Quim Torra lors de son élection comme Président de la Généralitat
Quim Torra lors de son élection comme Président de la Généralitat

Élu par le parlement, Quim Torra nomme des ministres incarcérés ou en exil. Il maintient la pression sur l’Espagne qui s’enferre dans sa logique répressive bafouant les règles élémentaires de la démocratie. Le PNV apporte son soutien au gouvernement de Rajoy bien que le statut d’autonomie des Catalans soit suspendu. Sous la menace du calibre 155 braqué sur sa tempe, le nouveau président ne gouvernera pas vraiment, mais il maintiendra vivant le message exprimé lors du référendum d’autodétermination. Suite et fin de la première partie.

«Patriotisme civil incluant» espagnol et «nationalisme excluant et populiste» des Catalans

Les derniers sondages diminuent encore sa légitimité. Mais Mariano Rajoy est parvenu à sauver sa tête le 14 mai, en évitant des élections anticipées à la rentrée. Il tente de se servir de la rébellion catalane en prenant la tête d’une union sacrée rassemblant sous sa bannière les deux autres partis, le PSOE et Ciudadanos. Le projet tangue, tous trois sont divisés sur la mise en œuvre de l’article 155 et son contenu.
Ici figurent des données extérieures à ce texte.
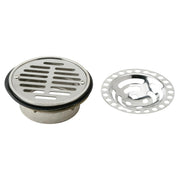 Stainless steel drain strainer with dome grid top and flat perforated basket insert.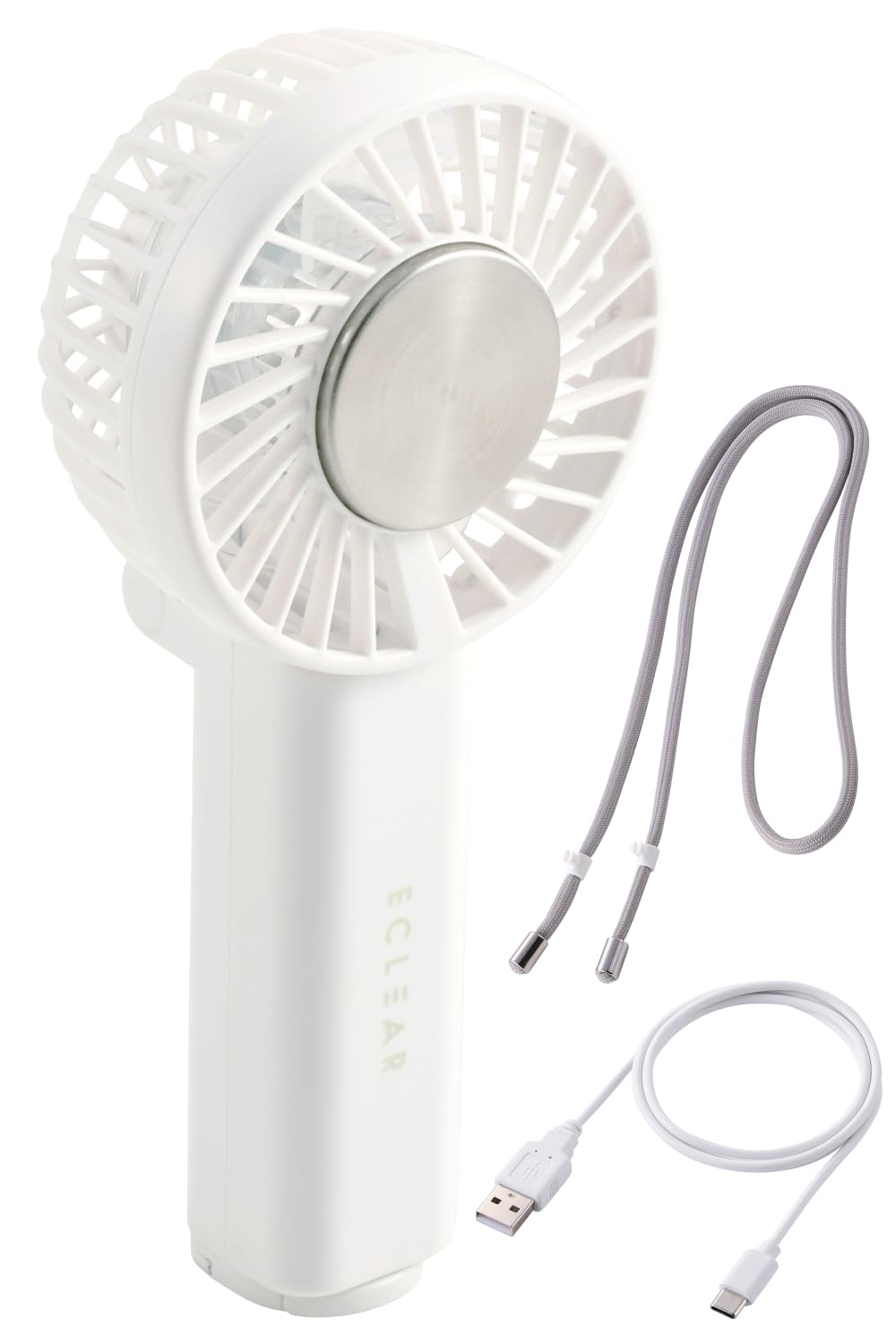 Elecom Handheld Fan with Cooling Plate 3 Adjustment Levels, Standing Carabiner, Folding Strap, USB Desk Fan with Type A Cable (White) FAN-U252WH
Ils ont les yeux rivés sur les prochaines élections et sont d’abord rivaux, il s’agit d’abord de devenir calife à la place du calife. Le PP affaibli et minoritaire se réfugie toujours dans une rigidité juridique et judiciaire, il refuse d’aborder la question catalane en termes politiques. Une autre voie est-elle possible? Pour engager un débat institutionnel de fond, il lui faudrait des coudées franches, une forte légitimité. Mariano Rajoy se trouve dans la même position que l’Anglaise Theresa May qui, faute de majorité solide, peine à gérer sérieusement la crise du Brexit. Le premier ministre est contraint de louvoyer et de gagner du temps. Ciudadanos attend que le PP tombe comme un fruit mûr et se lance dans un nouveau discours, celui de «l’Espagne citoyenne», basé sur un «patriotisme civil incluant» qui doit «unir les Espagnols» et n’a rien à voir avec le «nationalisme excluant et populiste» des Catalans. Jouer ainsi sur les mots laisse perplexe. Le coordinateur d’IU cloue déjà Ciudadanos au piloris: leur «projet emprunte le nationalisme à Le Pen et le projet économique à Macron».
Le gouvernement espagnol s’embourbe dans la corruption. L’affaire Gürtel portant sur le financement illicite du Parti Populaire fait des ravages avec la condamnation le 24 mai à plusieurs dizaines d’années de prison chacun, 30 dirigeants dont l’ex-numéro 2 et l’ex-trésorier du parti. Le PP doit même payer 245.292 euros. Le PSOE saisit la balle au bond et tente de renverser le gouvernement en présentant une motion de censure. Va-t-elle prospérer? Une chose est de chasser un premier ministre honni, autre chose est de diriger le pays grâce à une majorité stable. Même si les socialistes échouent, Mariano Rajoy ne sortira pas grandi de ce nouvel épisode: il est un premier ministre par défaut et en sursis.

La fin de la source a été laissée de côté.